Ordering of channel operations

I highly doubt the order of channel operations in the System Viewer section of the HTML report follows the actual order implemented by the compiler; the drawing probably prioritizes minimizing space used for the figure, rather than accuracy with respect to order of operations. I would go ahead and just compile and run the kernel to see if it actually gives incorrect results. You can also try adding a barrier in-between the two channel operations as a test to see if the order of the operations will change in the report.

Hi,

I've already tried to generate the bitstream. The compiled version hangs (of course in emulation it works).

If I introduce a fence between the two channel operations, they result to be properly ordered, even if the loop II is now 7 instead of 1 (see figure). The compiled version works.

Still, there exists a dependency between the two channel operations so they should not be arbitrarily re-ordered.

I'm using version 18.1.1 (build 263) and I'm compiling with the "-fpc -fp-relaxed: flags.

I got the same report and the same hardware behaviour using version 19.1

Hi,

This is expected behavior. Within a kernel, multiple channel calls (to different channels) are considered independent. This can be a problem if channels form a cycle between kernels.

When I compile your code, the compiler generates a warning as follows: (check your log files)

• Compiler Warning: Kernels comp and generator may form a cycle due to connectivity of channels channels[0] and channels[1]. Use mem_fence if you require source code-based ordering of channel operations. Channel depths cannot be optimized.

Ideally, you want to avoid forming a cycle between kernels with channels.

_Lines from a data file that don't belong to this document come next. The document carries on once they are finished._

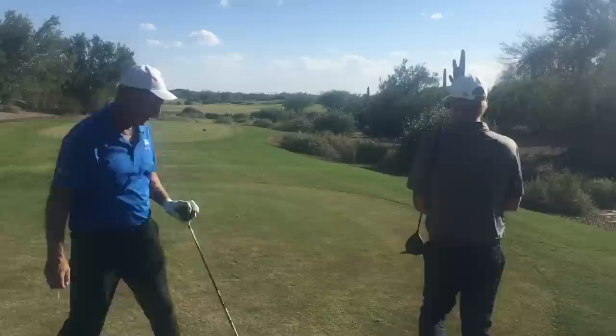Instagram, par 5 with Mike Malaska at BB underscore golf show, at Malaska Golf.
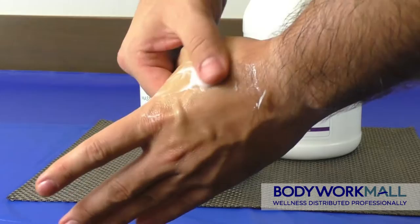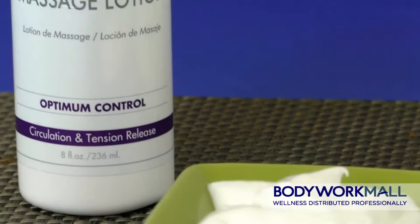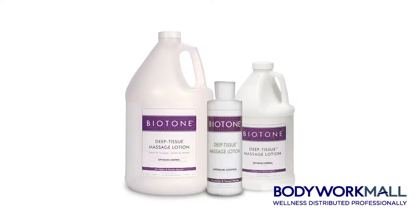Formulated specifically for deep tissue, stimulating, and neuromuscular techniques, this lotion contains Hawaiian kukui nut, almond, aloe vera, and pecan oils which help to soften, soothe, and moisturize the skin.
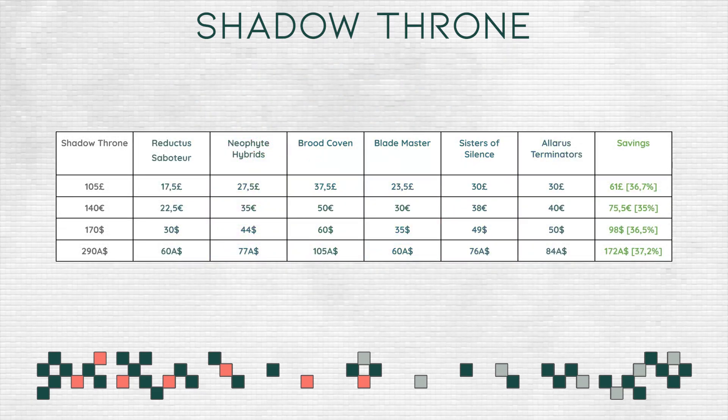First up, let's talk a little bit about the pricing I'm expecting for this box. This box seems like your typical Saga of the Beast or Piety and Pain style battle box, which includes a good number of models but it's not Indomitus crazy. So I'm fully expecting this box to cost £105, or local equivalent — that would be 140 euros, 170 dollars, or 290 Australian dollars.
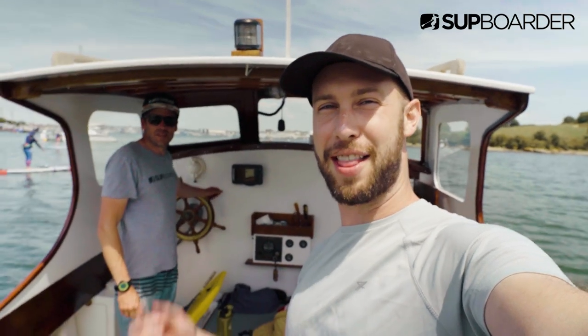Welcome to this SUP Boarder vlog. In this vlog I'm taking you behind the scenes of the SUP Boarder Pro test of the 14-foot inflatable race boards.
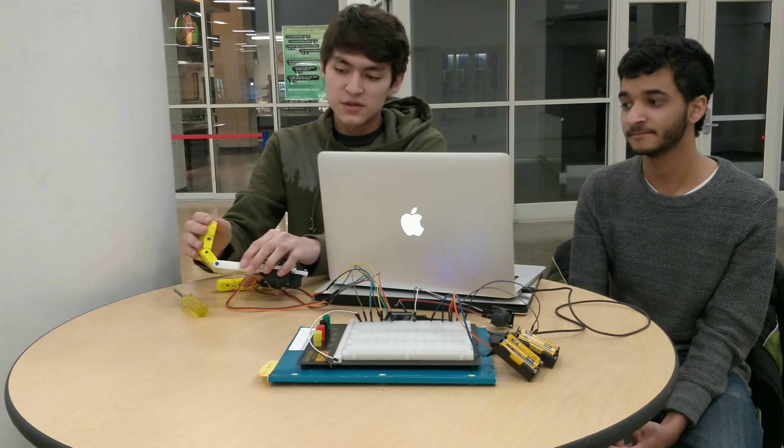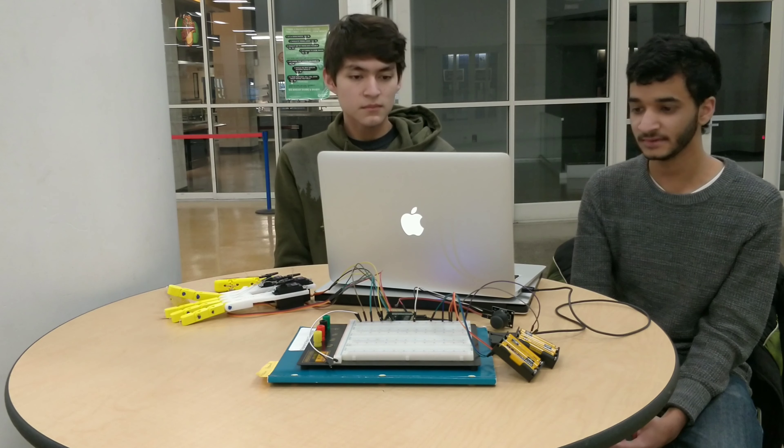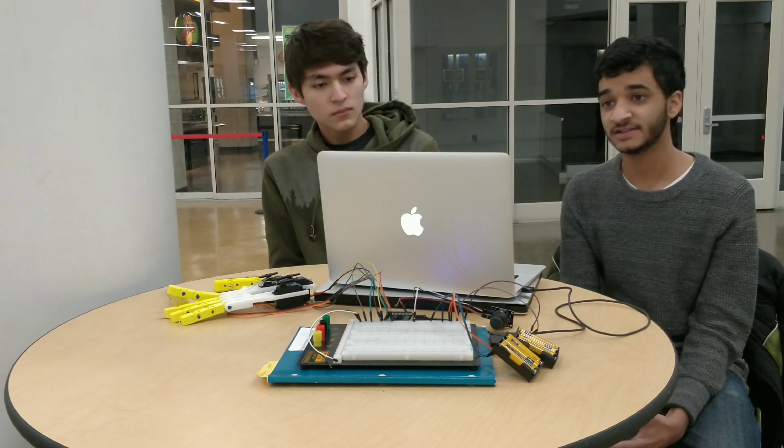25,000 people per year lose a hand in the U.S. Many of these people are working class and cannot afford to spend tens of thousands of dollars on a bionic hand. As a result, the market is worth $300 million.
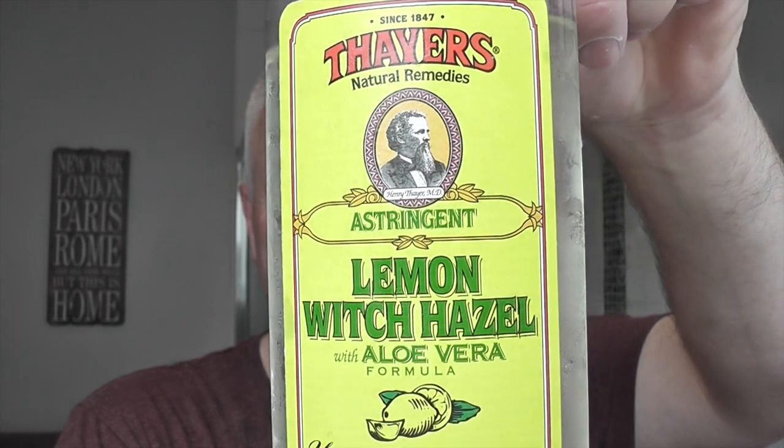Post-shave: Thayer's Lemon Witch Hazel. I mentioned in the last shave about this having alcohol in it. I have used it in the past and it's given me a little bit of a tingle but not today — not after using that mild razor perhaps. Fantastic. A bit of witch hazel after my shave. Very nice.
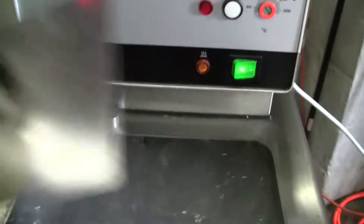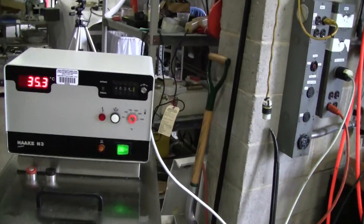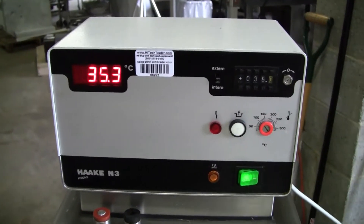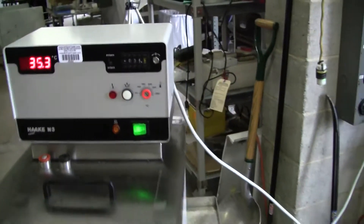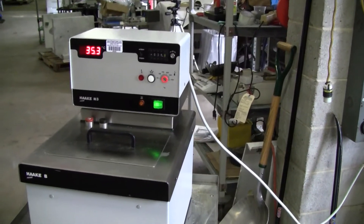We're running out of water right now. It's currently set at 35 and it's held at 35.3. It's got a high temp of 300 degrees C.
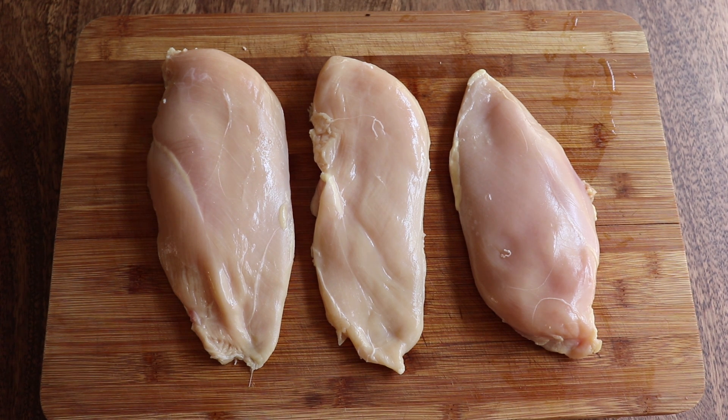What's up guys, welcome back to the Cheesy Desert Cooking Blog. Today we're making the best chicken alfredo you've ever had, and if it's not the best you've ever had, then Olive Garden will give you your money back.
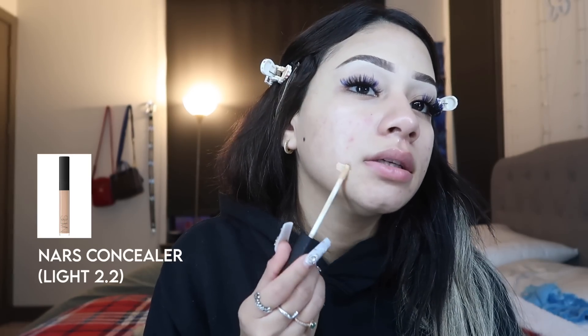On my lazy days I use concealer as my foundation. I use this NARS concealer in the shade Light 2.2 and I basically just put it all over my blemishes. Ever since I dropped that skincare video I've been getting a lot of acne lately — I don't know where they came from, I've been using the same stuff. I just put some everywhere except under my eyes.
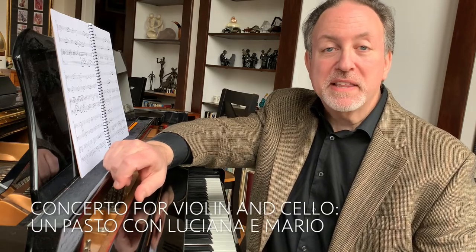Hello everyone, I'm Lucas Richman. Welcome to Creative Notes. Today I'll be discussing the creative process behind my concerto for violin and cello, Un Pasto con Luciana e Mario.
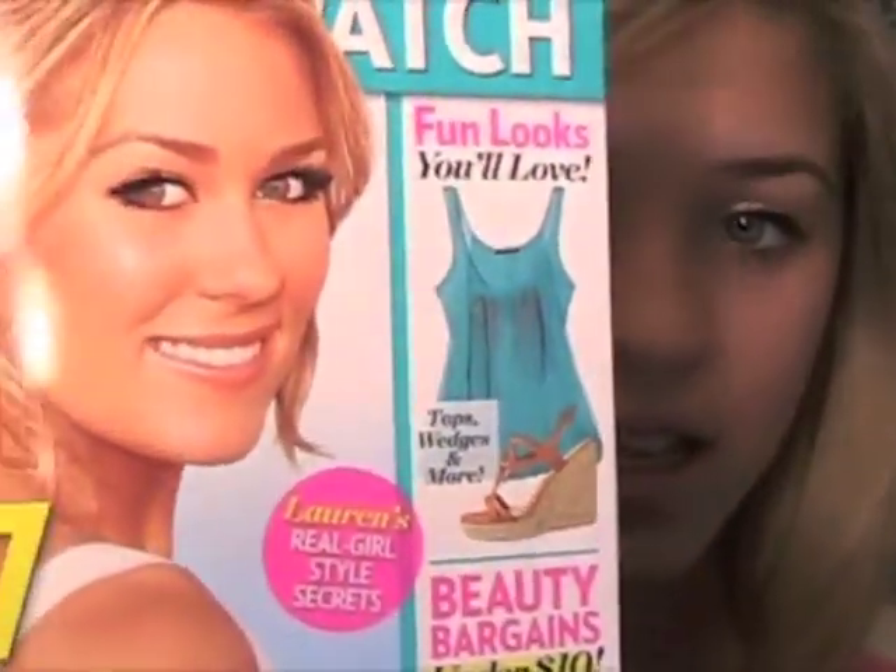Then I'm going to take my cream blush in Lady Blush by MAC — this is my favorite one. In the picture she has some nice rosy cheeks but again keeping the dewy aspect, so she isn't wearing anything that's like a powder. I'm going to put a little bit on the apples of my cheeks and blend that out.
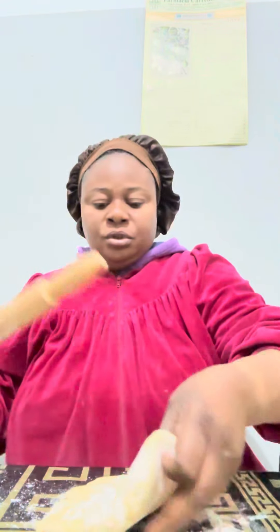What I'm doing is I'm straightening the dough so that I'll be able to put the sauce inside of the dough. So, that is what I'm doing.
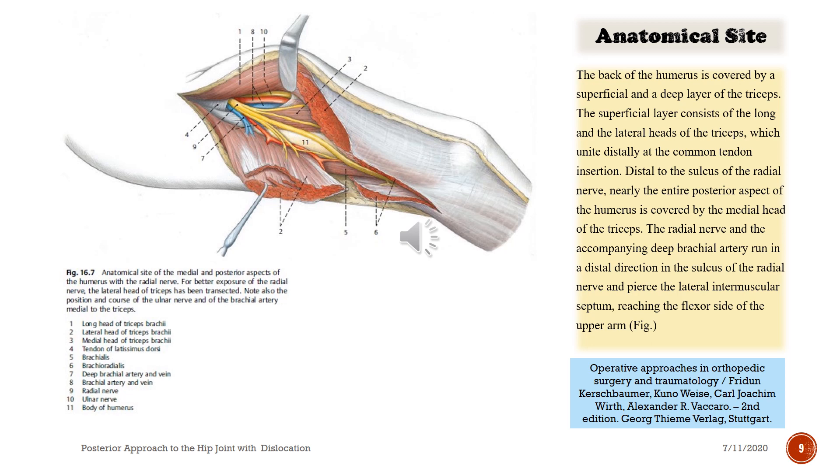The back of the humerus is covered by a superficial and a deep layer of the triceps. The superficial layer consists of the long and lateral heads of the triceps, which unite distally at the common tendon insertion. Distal to the sulcus of the radial nerve, nearly the entire posterior aspect of the humerus is covered by the medial head of the triceps. The radial nerve and accompanying deep brachial artery run distally in the sulcus of the radial nerve and pierce the lateral intermuscular septum, reaching the flexor side of the upper arm.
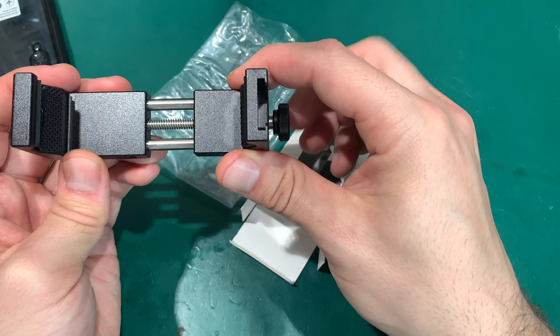They could also be used for attaching different devices like an additional light or a microphone, so you can connect and chain accessories. Because it's made from metal it's really, really sturdy, so you've got no problem attaching weight to it.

https://www.intel.com/content/www/us/en/programmable/documentation/mwh1391807965224.html#mwh1391806067772

Hi Douglas, thanks for your reply.

I've seen the warning, and I recognize that (from the compiler point of view) a potential cycle is recognized. Yet, this is want I desired and, in any case, the re-ordering of the compiler is not resolving this issue (which, in this case is not a problem).

So:

• should I assume that the compiler will treat all the channel operations as independent even if there is a clear data dependency (write-after-read in this case)?
• why the presence of the barrier increases the II up to 7?

Thanks for your support

@tde m​ @HRZ​ - Yes, you should assume all channel operations are independent even if you think there is a dependency. I know it looks like a read / write dependency on status, but the order that the channel operations are done is not dependent on the read / write order of status. The compiler will order the reads and writes to "status" correctly, but it considers the channel operations totally independent. It would be the same if you were reading or writing to 2 totally different regions in memory. You don't see the reads and writes to status because it's a register. If you force it to a RAM as shown below, it becomes clear. (See diagram)

computation_t __attribute__((memory) status;

cycle

4 - start read from CH1

5 - read (LD) from status (gets old data)

5 - write (ST) to status (result from CH1 read)

12 - start write to CH0 using old data from status

@tde m​ I don't see an increase in II when I add the mem fence in 18.1 or 19.1.

mem_fence(CLK_CHANNEL_MEM_FENCE);

//receive the data and store it

status->m=read_channel_intel(channels[1]);

@douglas.prinn​

I see the II increase, it jumps to 7 by inserting a fence exactly like you described (it jumps to 20 if the status variable is stored in memory). This is why the diagram was red in the picture attached above.

Also, if I compile with attibute memory, I obtain a different diagram wrt to yours (I don't have 4 stores, just one).

Still, I don't understand the argument about why channels are considered to be independent:

• write channel take in input a variable V;
• read channel writes into a variable Z

If Z==V, the compiler must enforce that the two operations are not swapped.

If this is not the case, please explain it clearly into your documentation.

Regarding the channel reordering, I think I now understand that the compiler always detaches channel operations from other read/write operations and uses extra registers (register renaming?) to handle dependencies such as the one discussed here which makes sense. Hence, it this case, if a cycle of channels did not exist, the channel operations in the "receive" kernel would still have been reordered, but no data corruption would have happened because the dependency is handled using extra registers. However, due to the cycle of channels and the channel reordering, a deadlock happens at run-time unless channel ordering is enforced using mem_fence.

Still, since I also thought all this time that channel reordering will not happen when data dependencies are involved, I would say the relationship between channel ordering and data dependencies could be very confusing for people who do not come across this thread and it is probably best if it is explained somewhere in the documentation.